Typical new mortgage costs soar £788 a year in two weeks

Kevin PeacheyCost of living correspondent
News imageGetty Images Couple sit on a sofa looking at paperwork with worried looks on their faces.Getty Images

A typical mortgage taken out now is £788 a year more expensive than before the Iran war began, new data has revealed.

The increase relates to homeowners and buyers with a 25-year mortgage of £250,000, and an average two-year fixed rate of 5.28%.

The figures, compiled by financial information service Moneyfacts, show how lenders have hiked rates and withdrawn deals since the US-Israel strikes on Iran began at the end of February.

The biggest lenders have pulled the best sub-4% mortgage deals, but brokers say borrowers can still navigate the huge uncertainty and should plan well ahead before any current deal expires.

For borrowers, the interest rate on a fixed mortgage does not change until the deal expires, usually after two or five years, and a new one is chosen to replace it.

Variable deals, such as tracker rates, usually move in line with changes to the Bank of England's benchmark interest rate. The Bank's rate-setting committee meets later this week.

Moneyfacts data shows the average two-year fixed rate has jumped from 4.83% at the start of March to 5.28% now, its highest since last April.

For those looking for a five-year deal, the average rate has gone up from 4.95% to 5.32% over the same period and is now at its highest level since February last year.

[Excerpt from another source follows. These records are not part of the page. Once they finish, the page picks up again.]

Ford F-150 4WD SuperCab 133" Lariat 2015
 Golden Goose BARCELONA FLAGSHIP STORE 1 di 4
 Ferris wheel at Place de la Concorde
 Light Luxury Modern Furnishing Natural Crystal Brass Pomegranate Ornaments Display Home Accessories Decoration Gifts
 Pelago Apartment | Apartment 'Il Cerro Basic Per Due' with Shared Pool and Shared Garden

For a typical mortgage, that means a five-year fixed deal is now £651 more expensive than a fortnight ago, Moneyfacts said.

"Borrowers may need to brace for further volatility in the weeks ahead as the global economy braces for a 'Trumpflation' wave flowing from the US and Israel-led action in Iran," said Adam French, head of consumer finance at the financial information service.

The data shows 689 fewer mortgage products are available than on 9 March, representing almost a tenth of the market.

This is still far less dramatic than the aftermath of the Liz Truss mini-Budget, delivered by then Chancellor Kwasi Kwarteng, when a quarter of mortgage deals available at the time were pulled.

Sub-4% deals pulled

Among the deals now being pulled are the most competitive two-year fixed products with an interest rate of less than 4%.

Barclays, HSBC, NatWest, Nationwide and Santander no longer offer sub-4% fixed deals, which were available last week.

Recent moves will be a particular blow for first-time buyers, according to Mary-Lou Press, president of NAEA Propertymark - the National Association of Estate Agents.

"This shift highlights how sensitive mortgage rates are to wider economic uncertainty, making it harder for people to plan and potentially slowing activity across the housing market," she said.

"Even small increases in rates can significantly impact borrowing capacity and monthly costs, reinforcing the need for stability and confidence."

Before the US-Israel war with Iran began, financial markets had expected UK interest rates to be cut this year.

But these expectations vanished after soaring oil prices raised the prospect of higher inflation.

The yield, or interest rate, on two-year government bonds - which indicates how much it would cost to borrow money for two years - has been volatile since the conflict began.

Jo Jingree, from advice firm Mortgage Confidence, encouraged borrowers to talk to their brokers.

"I'm speaking to many anxious clients at the moment who often come away from our conversations feeling less overwhelmed and much more reassured," she said.

"Expert support is key. Mortgage advisers are in touch with lenders constantly and are surveying the changing rates on a daily basis."